3d programming tip:. The first thing to do is draw a diagram of your scene on paper. Where is the camera? Where is the geometry? Is the camera in front or behind the geometry? How big is the geometry? Is it pointing the right way? Then you can compare your hand-calculations with what you wrote in the code. This will help you spot 9/10 mistakes in 3d programming. If you can't draw the problem, yet you've started coding then you need to go back to the theory.

The most common mistakes from the lab:

  • I see a white shape and the camera isn't working! - Check your shader logs for errors. Check if your glGetUniformLocation() calls returned less than 0.
  • Error in matrix layout. Perhaps the wrong cell was used, or a small typo. Test by substituting your code with a function from a library.
  • Camera is too close to the object (i.e. both at Z position 0). Remember the near plane will cut off anything in front of a certain distance. If your shape is at 0, try starting the camera at 2.
  • Camera is pointing backwards. Check your -Z and Z values.
  • Camera is above or below or too far either side of object. Check camera position versus extents of object.
  • Matrix rotations in wrong order. There are several matrix rotations. Check the projection, model, view in the shader, as well as the view matrix in C.
  • Object is front/back face culling and camera is looking at it from the culled side. Disable face culling to test.
  • Shader code error. Check logs and run shader validation.
  • Mix up between degrees and radians.
  • Matrix layout given manually, but in wrong column/row order.
  • Screen aspect ratio is not using actual view dimensions. Has your view changed? Use values updated from the resize callback.
  • Field of view angle is too big (no shape) or too small (shape covers entire screen). This should be the angle from horizontal to the top of the display (usually 67 degrees). Test with 67 degrees first.
  • Upwards vector not correct in view matrix calculation. If camera pitches or rolls, this should be re-calculated using vector cross products. If your up vector is wrong the camera may spin on the wrong axis when you rotate.
  • Have you attempted to write a view matrix by plugging in the position and rotations directly? Naughty! This will warp the view.

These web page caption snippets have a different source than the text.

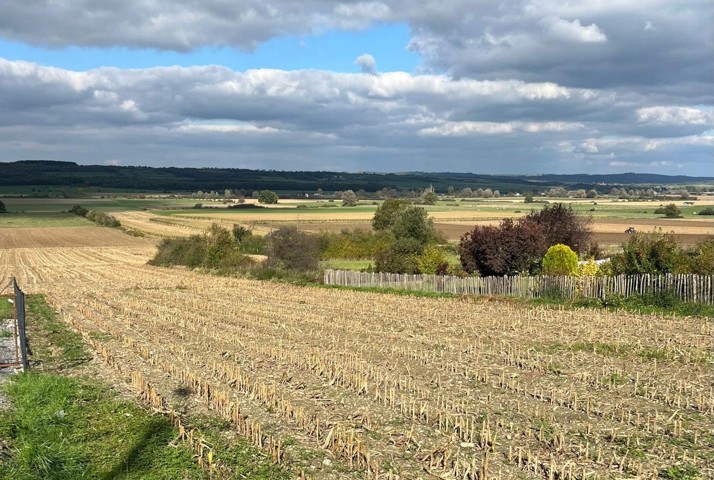 Bouwgrond - te koop - 5573 MARTOUZIN-NEUVILLE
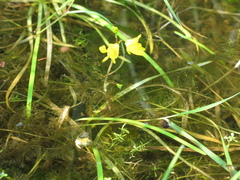 Utricularia macrorhiza image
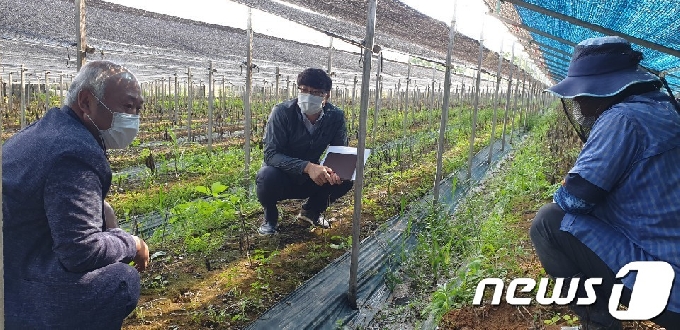 8월 호우로 침수된 전북 완주군 용진읍 왕정열씨의 인삼밭을 찾은 소완섭 전북 완주군의원(왼쪽 첫번째)와 신인성 전북인삼농협 조합장(가운데)..2020.9.24 /뉴스1 © News1 김동규 기자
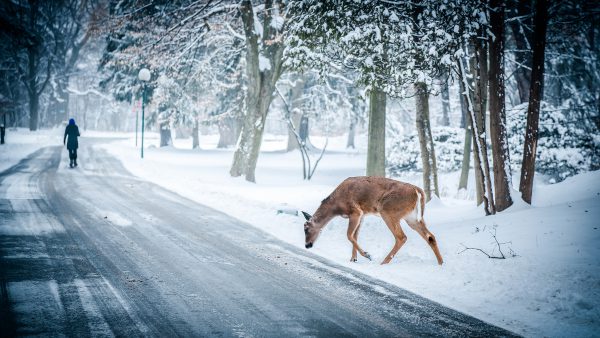 snow-winter--deer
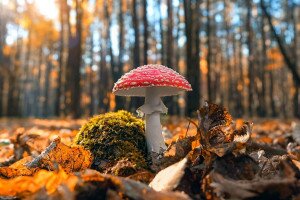 Mire jók a mérgező gombák?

Calculate the rotation and translation separately, then multiply them together.

Going Further

Keyboard Call-Back

GLFW has a keyboard call-back which presents a tidier interface than checking every key in the main loop.

Mouse Controls

You could also use the mouse feedback functions from GLFW to rotate the camera. This isn't going to be suitable if you plan to use the mouse cursor to click on things, but would suit some programmes.

Optimisation

The clipping process can save quite a lot of GPU processing time by removing geometry from the hardware pipeline (remember, this diagram gave an overview of the hardware pipeline). This reduces the number of fragment shaders that need to run. But, notice that the vertices outside the frustum have all been calculated already. Various algorithms exist to remove out-of-scene geometry before rendering. You might investigate scene graphs, quad-trees, oct-trees, (which partition the world into a hierarchy of geometry), and frustum culling, which calculates collisions between a frustum-shaped box, and shapes approximating the geometry. Shapes that do not collide with the frustum-shape are culled (not drawn).